The church teaches that life is precious and begins at conception. There are three realms of life, the first of which is “spirit children” waiting to be born. Only when spirit children are given the chance to be born into this world (realm two) can they prove their worth to God and enter eternal life with Jesus (realm three) upon death. While the church does not prohibit contraception, members know that many spirit children are waiting to enter the world. Women who have children out of wedlock are not abandoned and condemned, but supported by the community.

The church denounces abortion based on the commandment “Thou shall not kill.” It counsels its members not to submit to or perform an abortion except in rare cases–incest, rape, extreme health risk to the mother, catastrophic problem with the baby–and then only after counseling with the local priesthood authority and after receiving divine confirmation in prayer.

Men who hold the Melchizedek Priesthood can bless babies, usually a few weeks after they are born. During the ceremony the priest says a prayer, bestows a blessing, and gives the baby a name chosen by the parents. Baptism does not occur until the age of eight, the age of accountability when each child can choose to follow Christ for him/herself.

Cindy stressed that the church is strongly centered on family relationships and is focused on teaching the youth of the church to follow the path of faith and service to others.

Safeta said that Muslims can use contraception; however, Islam does not permit preventing pregnancy if the only reason is financial. Muslims believe that Allah will provide and does not burden any soul above his/her capacity.

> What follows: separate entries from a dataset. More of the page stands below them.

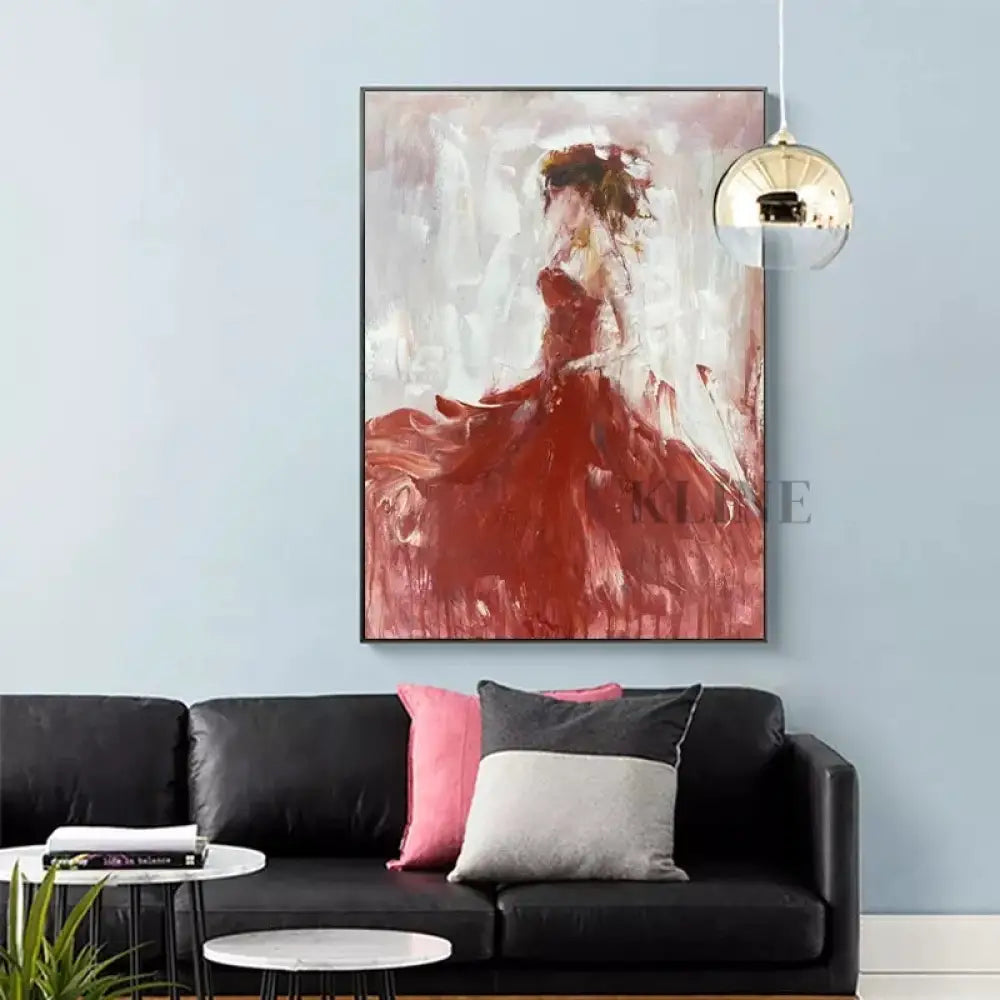 Queen of Hearts.. Dining Room Wall Art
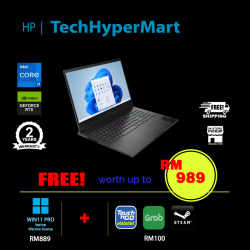 HP Omen 16-wf0066TX-W11P 16.1" Laptop/ Notebook (i7-13700HX, 16GB, 1TB, NV RTX4060, W11P, 240Hz)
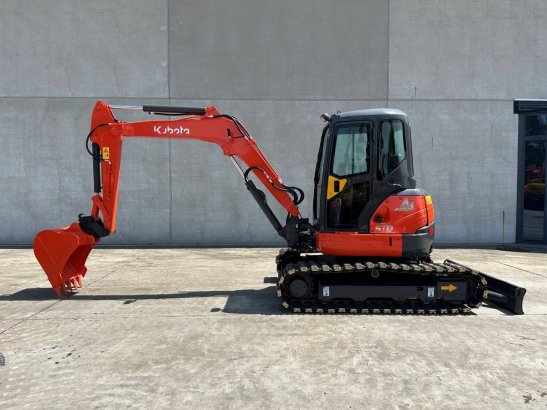 Midi excavator KX155-3SZ Diesel 2012 KX155-3SZ 2012 2 image 7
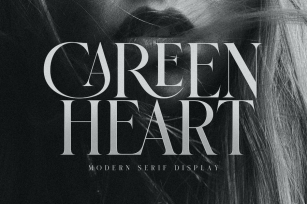 Careen Heart Font Download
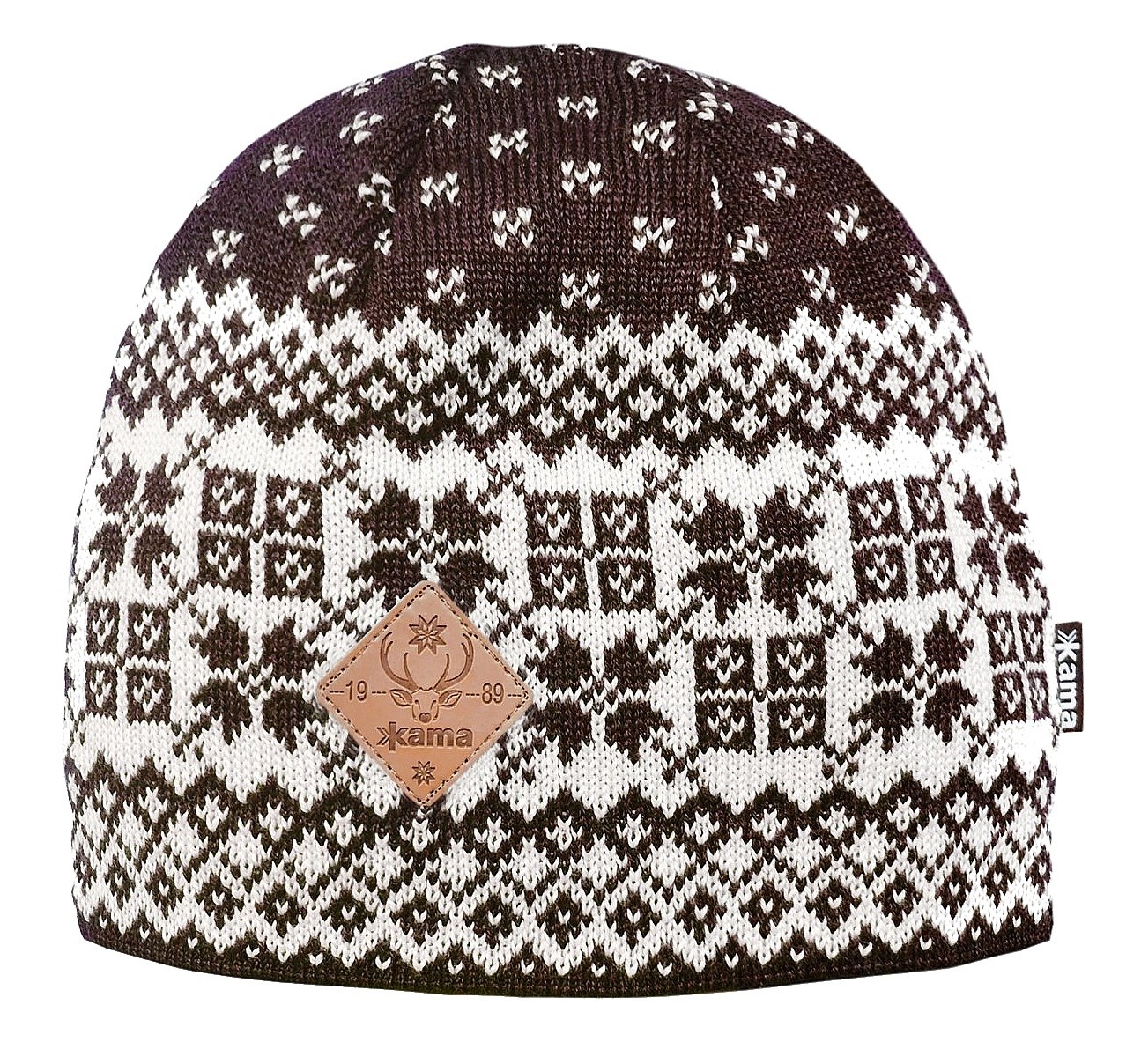 chapeau Kama LA40 - Brown - men´s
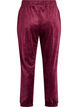 Lockere Samt-Hose, Dunkles Bordeaux, Packshot image number 1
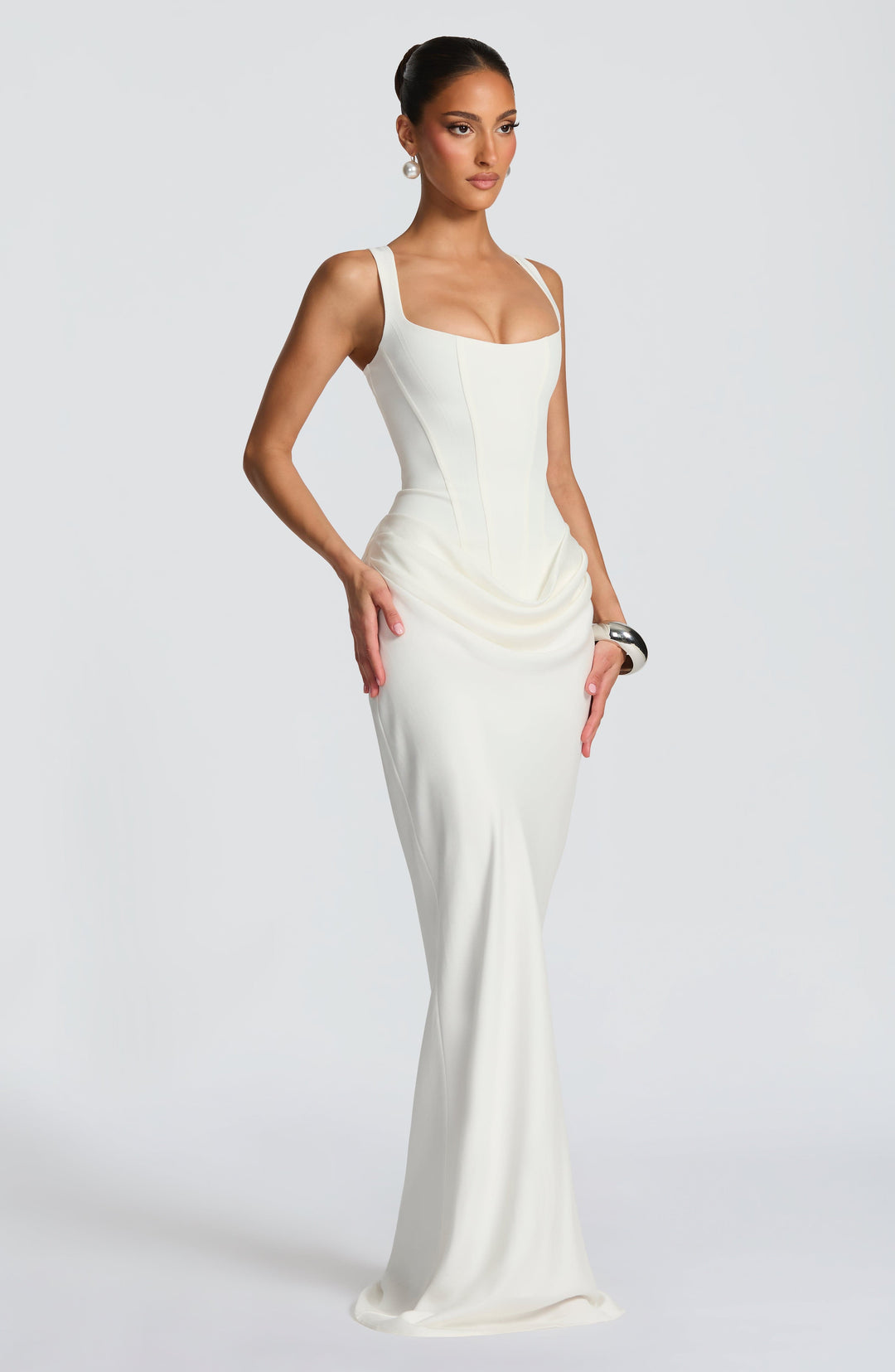 Sukienka maxi bodycon Indy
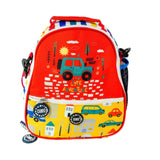 Little Adventure Cars Lunch Bag
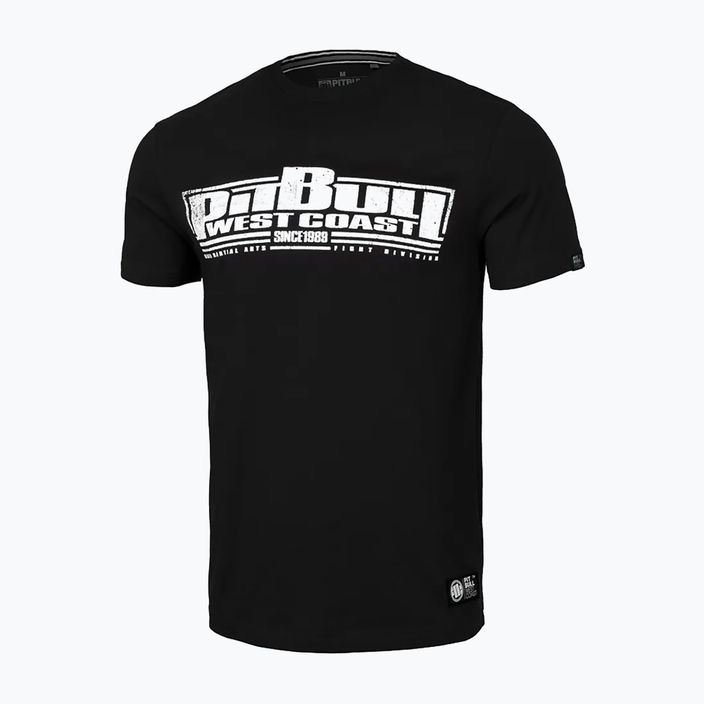 Men's T-shirt Pitbull West Coast Brazilian Jiu Jitsu black
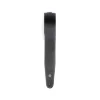 Ремінь для гітари D'Addario 25LS00-DX Deluxe Leather Guitar Strap (Black with Contrast Stitch)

Premarital sex and even dating are forbidden in the Islamic faith. If a girl got pregnant outside of marriage, she would still be welcomed in many Muslim communities; however, there are areas where harsh cultural traditions could result in her punishment or death. Muslims permit abortion only if the child is endangering the life of the mother. Infertile couples can turn to artificial insemination as long as it is husband to wife only—no sperm/egg donors or surrogate mothers.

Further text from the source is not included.